Thursday, March 14, 2013

Stephen Colbert charts the stages of right-wing climate-change denialism

The best satire can often stick pretty close to reality, and that's true of this recent bit from Colbert.  Basically, to offer my own summary of Colbert's account, the varieties and vicissitudes of right-wing climate-change denialism go more or less like this:
  1. "What global warming?"  (A lot of them are still stuck here at stage #1, of course.)
  2. OK, maybe it's happening, but there's no consensus about it.
  3. OK, there's consensus that it's happening, but we don't really know whether it's caused by human activity and greenhouse gases, by sunspots, or whatever.
  4. OK, it's happening, and it's promoted by human activity, but we don't know whether the effects are harmful, or even significant.
  5. OK, it's happening, it's promoted by human activity, and we're seeing an increase in extreme weather patterns and other serious consequences ... but now it's too late now to do anything about it.  In the words of right-wing pundit Erick Erickson: "It seems like it's a problem we probably have to get used to, as opposed to something we can cure."
Or, as Colbert himself sums it up more concisely:
  1. Denial.
  2. Denial.
  3. Denial.
  4. Denial.
  5. Acceptance.
But no summary can do justice to Colbert's presentation, so just watch it here:

The New Abnormal


Two addenda:

=> At one point Colbert mentions Richard Muller, a Berkeley physicist and one-time climate-change skeptic who very publicly changed his mind on the basis of systematic research he conducted himnself.  In July 2012 Muller went so far as to write  wrote a New York Times op-ed titled "The Conversion of a Climate-Change Skeptic" which begins:
Call me a converted skeptic.

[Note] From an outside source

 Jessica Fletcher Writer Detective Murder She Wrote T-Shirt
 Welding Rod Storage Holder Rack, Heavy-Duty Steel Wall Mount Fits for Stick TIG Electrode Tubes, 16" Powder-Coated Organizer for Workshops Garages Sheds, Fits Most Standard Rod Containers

Three years ago I identified problems in previous climate studies that, in my mind, threw doubt on the very existence of global warming. Last year, following an intensive research effort involving a dozen scientists, I concluded that global warming was real and that the prior estimates of the rate of warming were correct. I’m now going a step further: Humans are almost entirely the cause.
Yes, that's significant. But if we're going to cite Muller, it's only fair to add that, so far, Muller is still not certain just how alarmed we should be about these developments. (That's his next research project, I guess.)

=>  As I've said before:
I know some serous and intelligent people who think it is unfair and even offensive to use the word "denialism" in this context, but I use it advisedly. Yes, I recognize that there are some thoughtful and reasonable forms of skepticism about climate change and its implications, whether or not one finds them convincing. But the perspective on climate change that now dominates the national Republican Party and the right-wing propaganda apparatus, running from talk radio and Fox News through right-wing think-tanks and the Wall Street Journal editorial page, goes way beyond that. (For one good illustrative example of how honest and intellectually serious climate-change skepticism might differ from intellectually irresponsible and crudely demagogic climate-change denialism, I recommend this piece by a skeptical conservative analyst of climate change and its implications, Jim Manzi.)
And monolithic climate-change denialism is just one manifestation of a more general pattern of across-the-board knee-jerk anti-environmentalism that has increasingly become a central defining feature of Republican orthodoxy in US national politics.  Sometimes the truth is unpleasant, but we still have to face it.